In the spring of 2005, a publicly held dating business called Universal Flirts Inc. gave up on love and did a reverse merger with a Chinese cell phone maker.

According to Securities and Exchange Commission filings, founder Darrell C. Lerner walked away with a 26 percent stake in the Chinese company, Orsus Xelent Technologies Inc. (formerly AMEX: ORS, now Pink Sheets: ORSX). By 2007, Lerner no longer was listed among its top stockholders, even though he never reported selling any of his 7.7 million shares and could not have liquidated large amounts on the open market because of a lack of trading volume.

When Orsus Xelent’s stock surged in the fall of that year — on a wave of publicity about big phone orders that never materialized — whoever held those shares might have been able to sell them for $20 million or more.

A Sharesleuth investigation found similar discrepancies in the reported share ownership of six other Chinese companies that a low-profile promoter named S. Paul Kelley helped to bring public in the United States between 2005 and 2009.

Our analysis of SEC filings found that tens of millions of shares allocated to the chief executives of the shell companies used in those mergers essentially disappeared – sold or transferred to other parties with little or no disclosure.
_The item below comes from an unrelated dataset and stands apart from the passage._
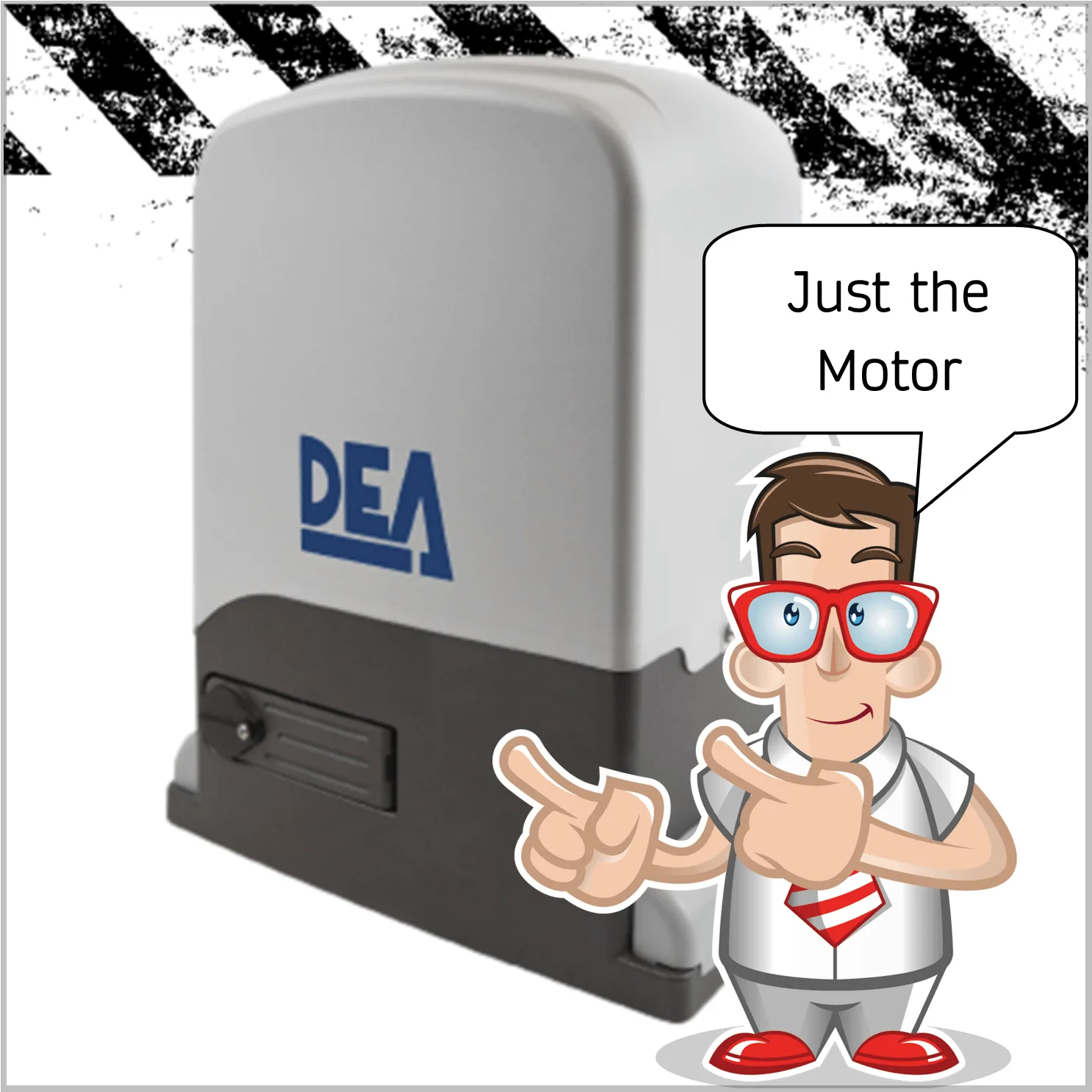 DEA REV sliding gate Kit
Under U.S. securities laws, anyone owning 5 percent or more of a company’s stock must report significant changes in their holdings within 10 days of the transaction.
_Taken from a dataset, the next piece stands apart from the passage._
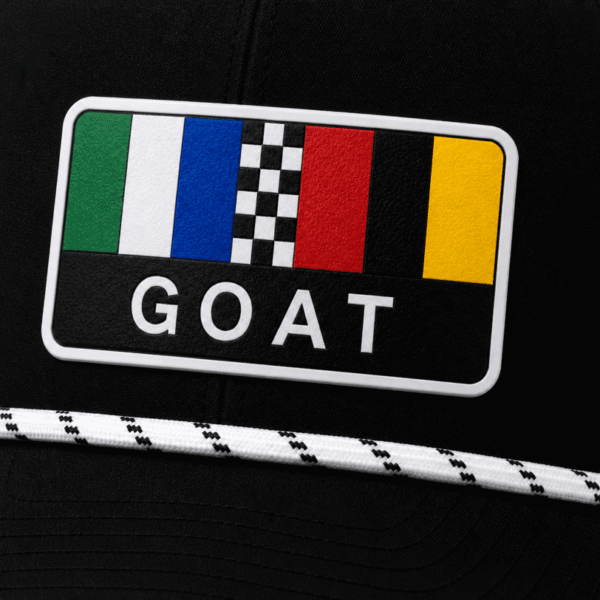 GOAT Indy Racing Stripe Series Rope Hat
Based on share prices and trading volumes, we calculated that the people who wound up with the missing shares in the other six Chinese companies might have sold them for upwards of $50 million.

That total includes:

  • Shares of New Oriental Energy & Chemical Corp. (Formerly Nasdq: NOEC; now Pink Sheets: NOEC) that could have been sold for $8 million when that company’s stock price and trading volume were at their highest levels.
  • Shares of Kandi Technologies Corp. (Nasdaq: KNDI ) that could have been sold for $12 million to $18 million.
  • Shares of China Infrastructure Investment Corp. (Formerly Nasdaq: CIIC; now Pink Sheets: CIIC) that might have brought $20 million or more, depending on when and how they were sold.

Our analysis of SEC filings found that the people behind the shell companies used in the mergers used stock splits and other maneuvers to put millions of additional shares into the hands of unknown parties.

We believe the recipients of those shares could have sold them for a further $80 million.

In other words, the architects of the reverse mergers and their associates might have reaped $150 million from the deals — and possibly much more.

It appears that the SEC employees who review proxy filings and other submissions for compliance with disclosure rules did not notice the discrepancies in the reported share ownership at Orsus Xelent, Kandi and the other Chinese companies.